▸ **Activity**
Would you transcribe the listing that follows, character for character, and omit its images?

▸ **Dataset extract**
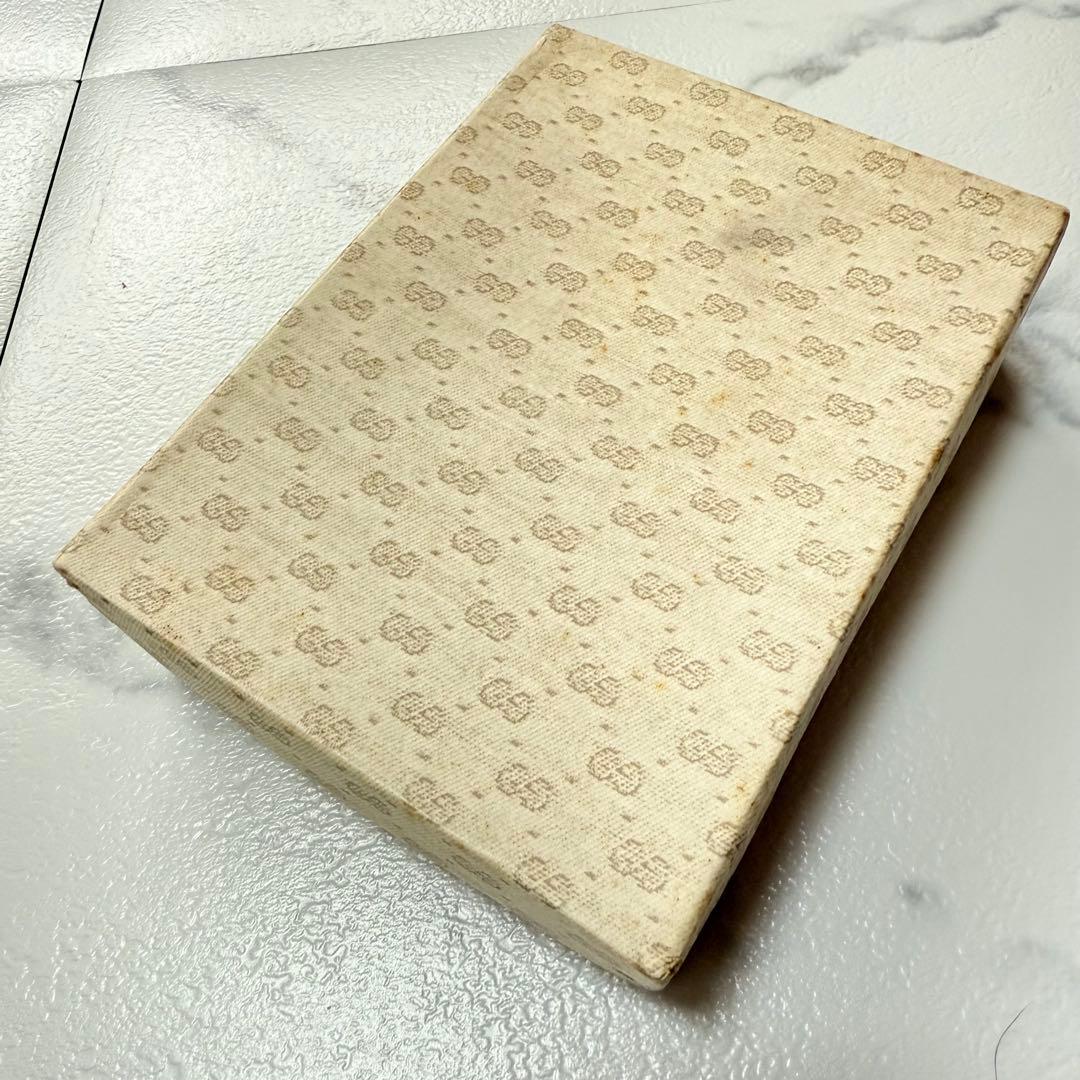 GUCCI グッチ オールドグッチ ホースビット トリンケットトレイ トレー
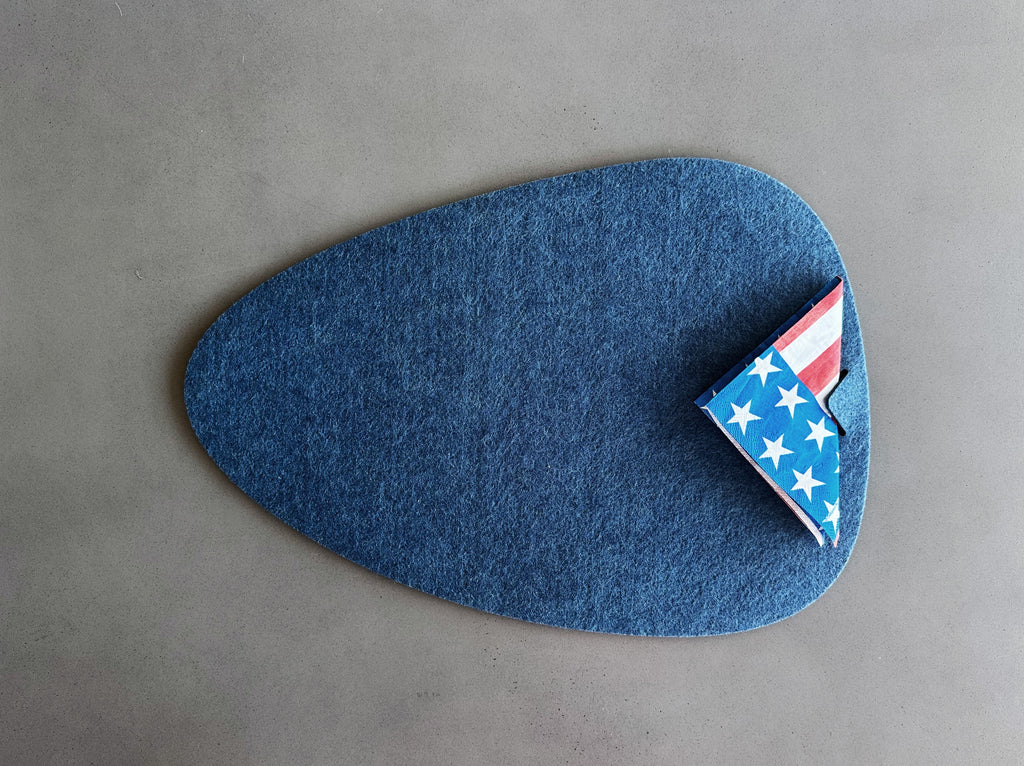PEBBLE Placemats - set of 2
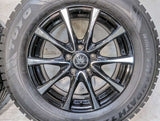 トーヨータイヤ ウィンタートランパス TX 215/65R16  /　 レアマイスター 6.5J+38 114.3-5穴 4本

▸ **Answer below**
 GUCCI グッチ オールドグッチ ホースビット トリンケットトレイ トレー
PEBBLE Placemats - set of 2
 トーヨータイヤ ウィンタートランパス TX 215/65R16  /　 レアマイスター 6.5J+38 114.3-5穴 4本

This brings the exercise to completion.